Switchbacks and the Bridge to Nowhere

TL;DR

This paper explores the geometry of Einstein-Rosen bridges in one-sided black holes, relates quantum complexity to black hole dynamics, and applies geometric methods to phenomena like fast scrambling and the switchback effect.

Contribution

It introduces a geometric framework for understanding quantum complexity in black holes and applies it to analyze phenomena like the switchback effect and information scrambling.

Findings

Quantitative solutions for one-sided ERBs are provided.

The Nielsen geometric approach effectively models black hole complexity.

Insights into the switchback effect and fast scrambling are achieved.

Abstract

This paper is in three parts: Part 1 explains the relevance of Einstein-Rosen bridges for one-sided black holes. Like their two-sided counterparts, one-sided black holes are connected to ERBs whose growth tracks the increasing complexity of the quantum state. Quantitative solutions for one-sided ERBs are presented in the appendix.
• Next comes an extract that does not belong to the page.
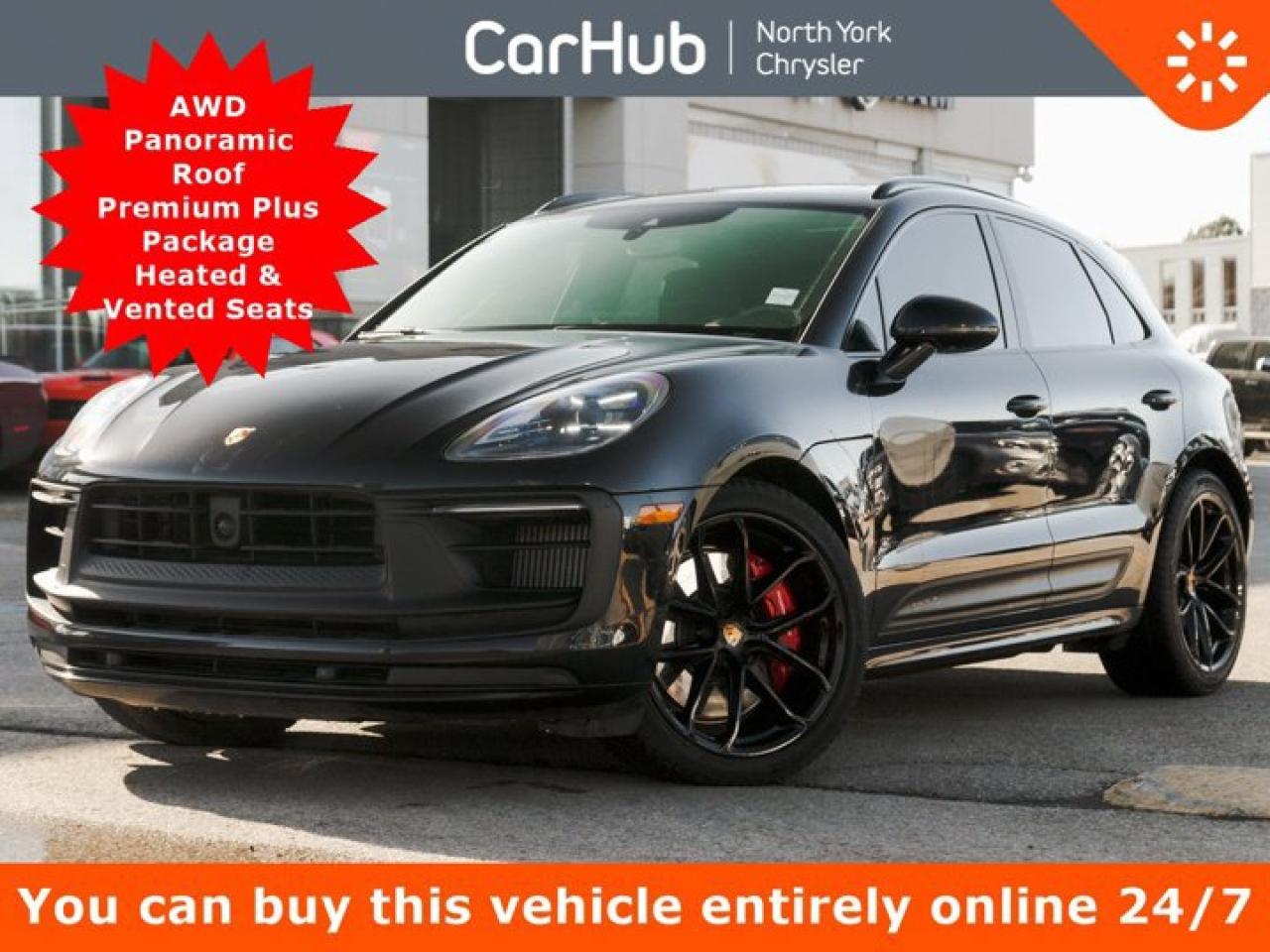 Used 2025 Porsche Macan GTS AWD Pano Roof Premium Plus Package Heated Vented Seats Bose Audio for sale in Thornhill, ON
Part 2 calls attention to the work of Nielsen and collaborators on the geometry of quantum complexity. This geometric formulation of complexity provides a valuable tool for studying the evolution of complexity for systems such as black holes. Part 3 applies the Nielsen approach to geometrize two related black hole quantum phenomena: the rapid mixing of information through fast-scrambling; and the time dependence of the complexity of precursors, in particular the switchback effect.